Ainsi donc, camarades, il me semble que nous aussi (car je me range sinon parmi les professeurs et les conférenciers, du moins parmi les propagandistes de la théorie du communisme) (applaudissements), nous devons tout faire pour que les leçons de marxisme-léninisme soient d’une haute teneur révolutionnaire et scientifique (rappelez-vous bien ces deux exigences : révolutionnaire et scientifique !), et qu’elles soient rehaussées des plus belles couleurs qu’on puisse leur donner, car il ne faut pas oublier que la jeunesse aime ce qui est beau.

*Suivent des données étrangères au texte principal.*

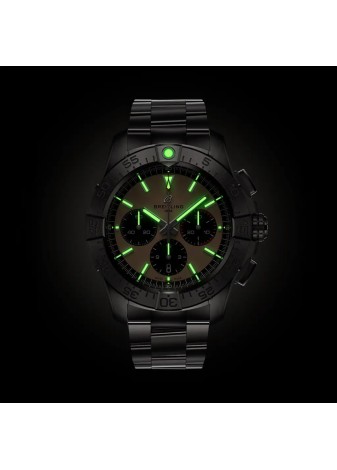 Breitling Aveneger B01 Chronograph 44 mm sabbia AB0147101A1A1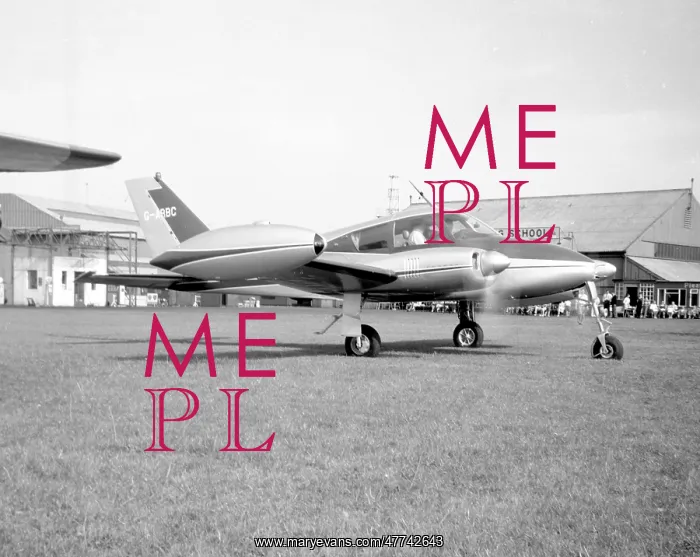  : Cessna 310D G-ARBC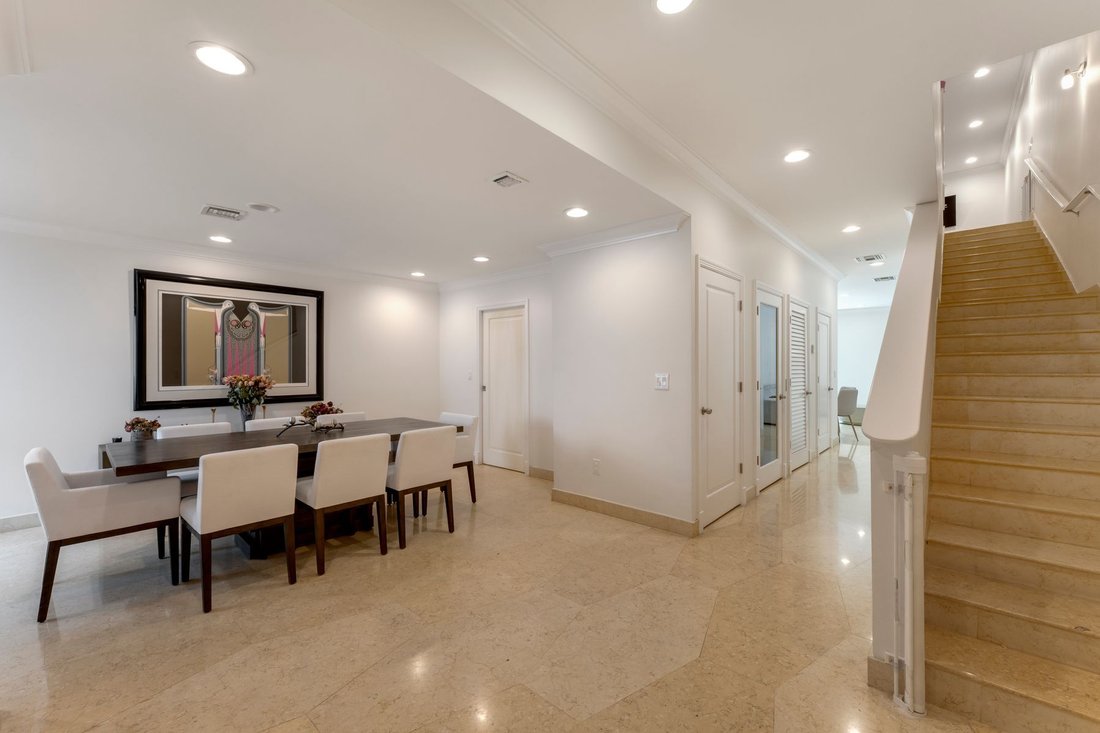 House in Miami, Florida, United States 2 - 17494988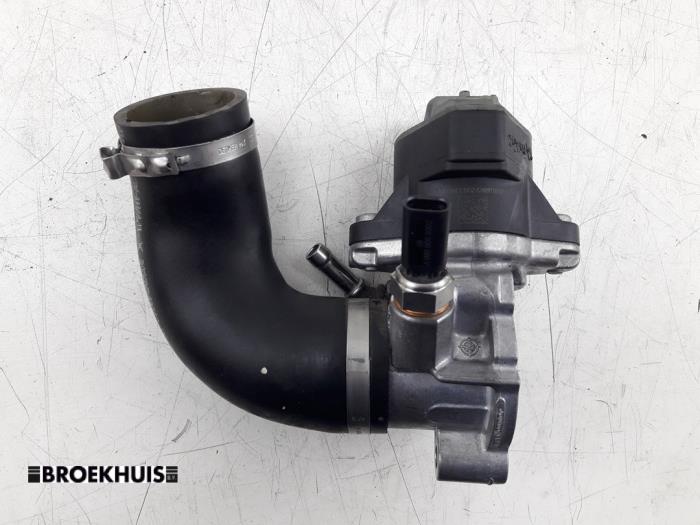EGR valve from a Mercedes-Benz C (W205) C-200d 1.6 Turbo 16V 2019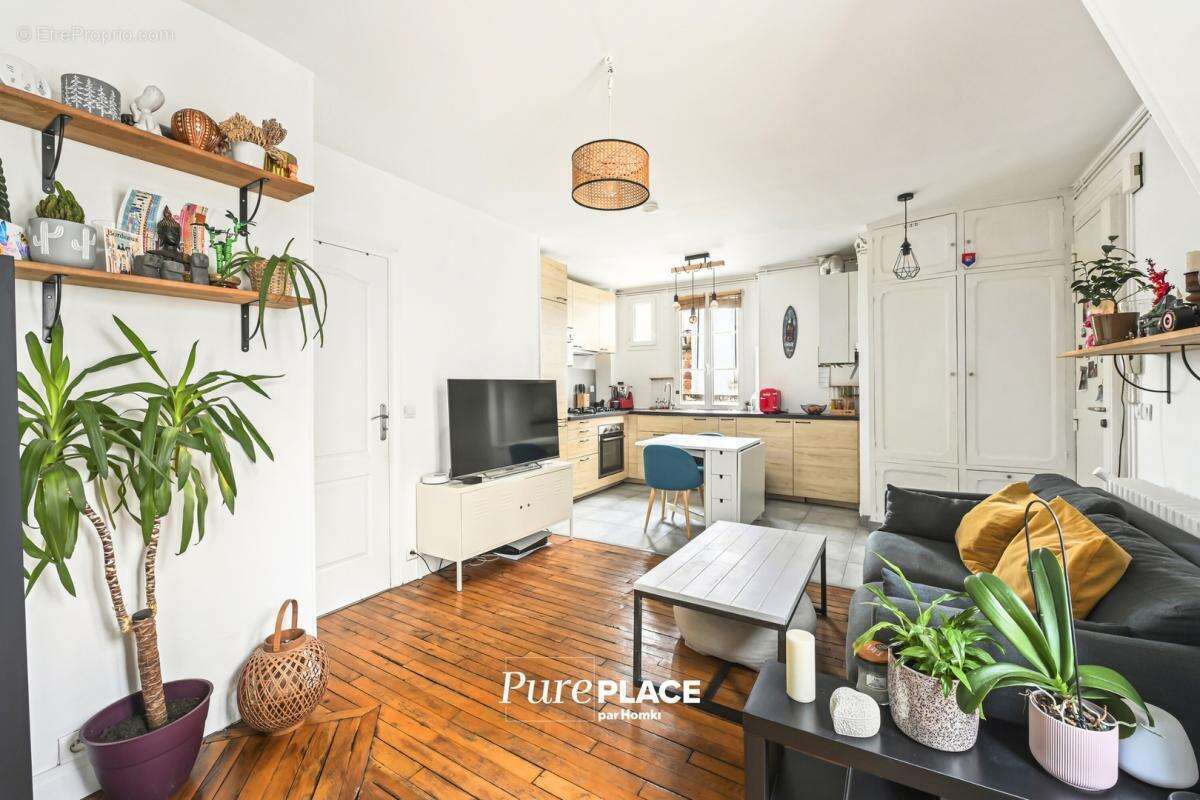 Appartement à PARIS-15E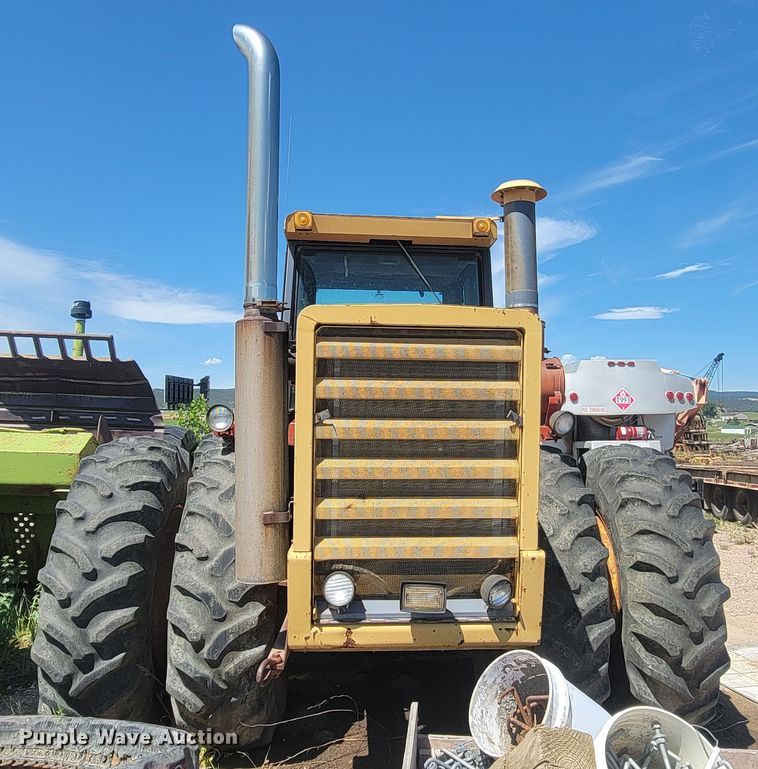 image for item JG9823 1981 Versatile 835  4WD tractor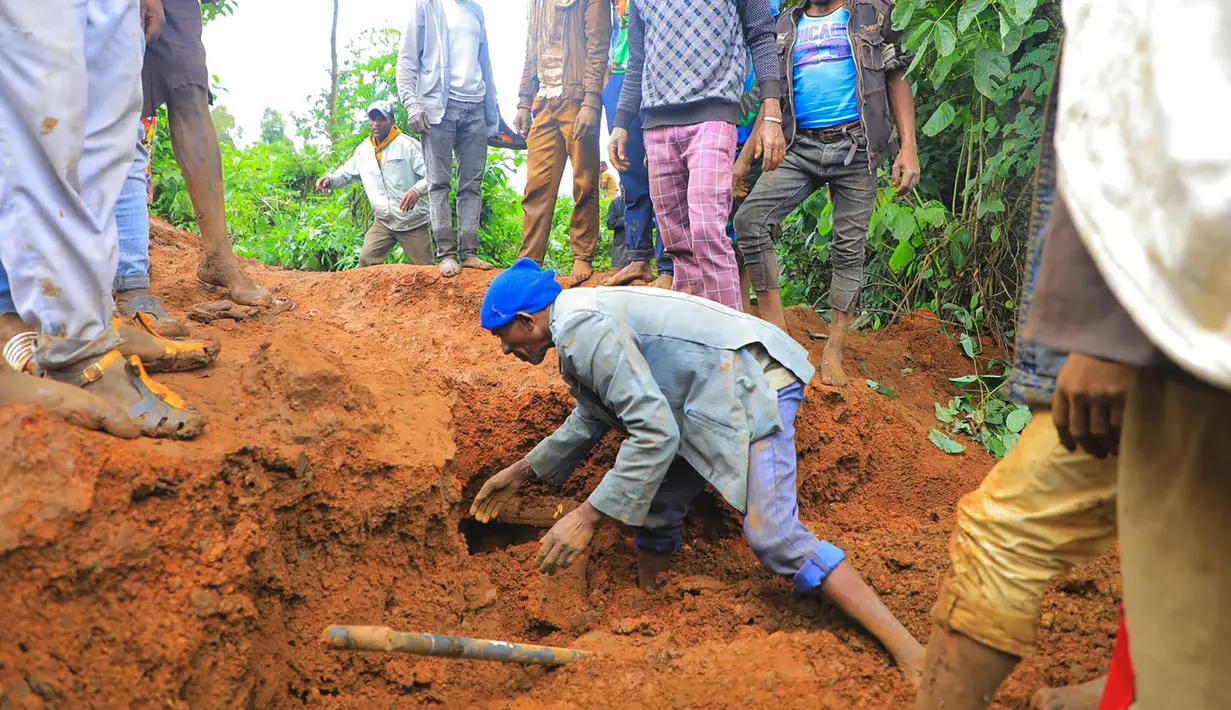 Dengan menggunakan sekop atau tangan kosong, penduduk setempat mencari korban selamat setelah tanah longsor di daerah terpencil di Ethiopia selatan menewaskan sedikitnya 229 orang. (Gofa Zone Government Communication Affairs Department/ESN / AFP)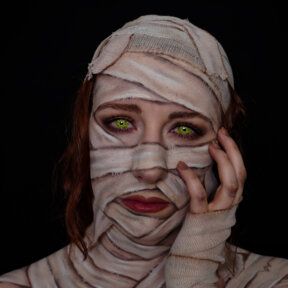 UV Glow Yellow Lenses | @charrar.b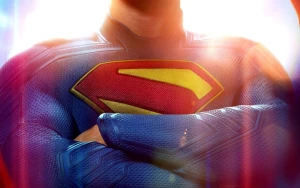 Zooey Deschanel's Transformation Confirms Superman's Disguise Genius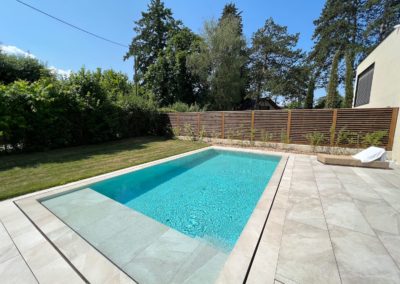 Piscine débordement carrelage et volet solaire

Et quand on y réfléchit bien, que peut-il y avoir de plus beau que les idées du marxisme-léninisme, qui sont aussi celles d’une création infinie ! Elles ouvrent devant vous les plus vastes perspectives. Mais ces perspectives vous obligent à un travail sérieux, créateur. Evitez autant que possible le système qui consiste à faire étudier « à partir d’ici, et jusque-là ».

Je crois qu’en conjuguant nos efforts, nous saurons profiter de l’état d’esprit si favorable de notre peuple, que je signalais tout à l’heure, pour faire pénétrer aussi largement et aussi profondément que possible les idées du marxisme-léninisme dans l’esprit des ouvriers, des paysans et des intellectuels.

Je vous souhaite, camarades, de bien posséder la méthode d’enseignement créatrice, et je vous garantis que vous ferez alors des principes du marxisme-léninisme la matière la plus intéressante, la plus passionnante des programmes de toutes nos hautes écoles.

Dans notre pays, ouvriers et paysans sont prêts à tous les sacrifices pour le pouvoir des Soviets. (Applaudissements.) Redoublons donc d’efforts pour enrichir plus encore les travailleurs de notre pays des idées du marxisme-léninisme, pour les éclairer plus vivement encore de leur lumière. (Applaudissements.)